Nory’s growth story adds another current hook. In 2025, the company raised $37 million in Series B funding led by Kinnevik, with participation from Accel, Base10, Triple Point and Samaipata. The company said the funding would support additional AI development, expansion of its AI assistants and growth in the U.S. market. That timing matters because U.S. restaurant groups are increasingly evaluating AI based on whether it can improve margins rather than simply create novelty.

The competitive landscape includes workforce management platforms, inventory systems, restaurant BI tools, scheduling applications, back-office software, POS-native analytics and enterprise resource planning systems adapted for hospitality. Nory differentiates itself by positioning those functions around one operating model: forecast the business, translate the forecast into labor and ordering decisions, monitor performance in real time and use AI assistants to reduce the manual work required to keep locations on target.

That platform story reflects a broader shift in restaurant technology. Operators are moving from isolated tools toward systems that can connect decisions across the business.

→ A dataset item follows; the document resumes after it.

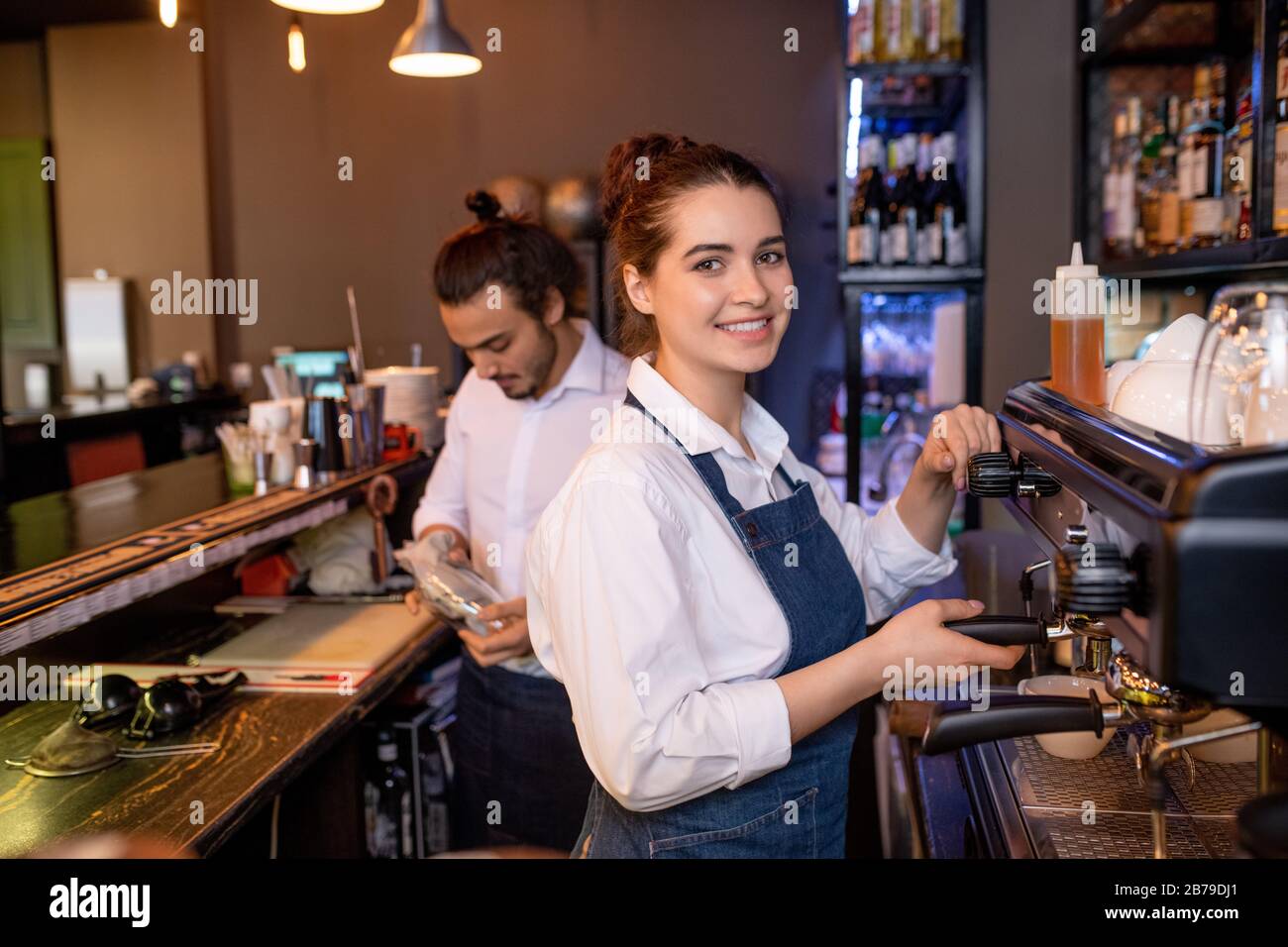 Happy young attractive waitress of cafe or restaurant preparing cappuccino by coffee machine with colleague on background Stock Photo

Labor planning affects service and profitability. Inventory affects menu availability, waste and gross margin. Payroll affects administrative burden and accuracy. Forecasting affects all of them. When those workflows operate separately, managers spend more time reconciling data and less time acting on it.

Nory’s bet is that AI can be most valuable when it is embedded inside those operating workflows. Rather than treating AI as a chatbot or an analytics layer, the company is applying it to recurring decisions that managers make every week and every day. That includes building schedules, flagging labor drift, forecasting item demand, recommending orders, surfacing waste patterns and keeping performance visible across locations.

The result is a restaurant management platform aimed squarely at profitability. Nory does not need to be the restaurant’s POS system or ordering channel to become operationally important. Its value sits in the connective tissue between revenue forecasts, staffing plans, inventory decisions, payroll and live P&L visibility. For operators trying to widen margins while scaling across locations, that connective layer can be critical.

As restaurants continue to face pressure from labor costs, food-cost volatility and unpredictable demand, the ability to act earlier and more consistently will matter. Nory’s agentic AI operating system gives restaurant groups a way to move from retrospective reporting toward more proactive control. By connecting forecasting, labor, inventory, payroll and business intelligence in one platform, Nory is helping restaurants turn operational data into better decisions and, ultimately, stronger profitability.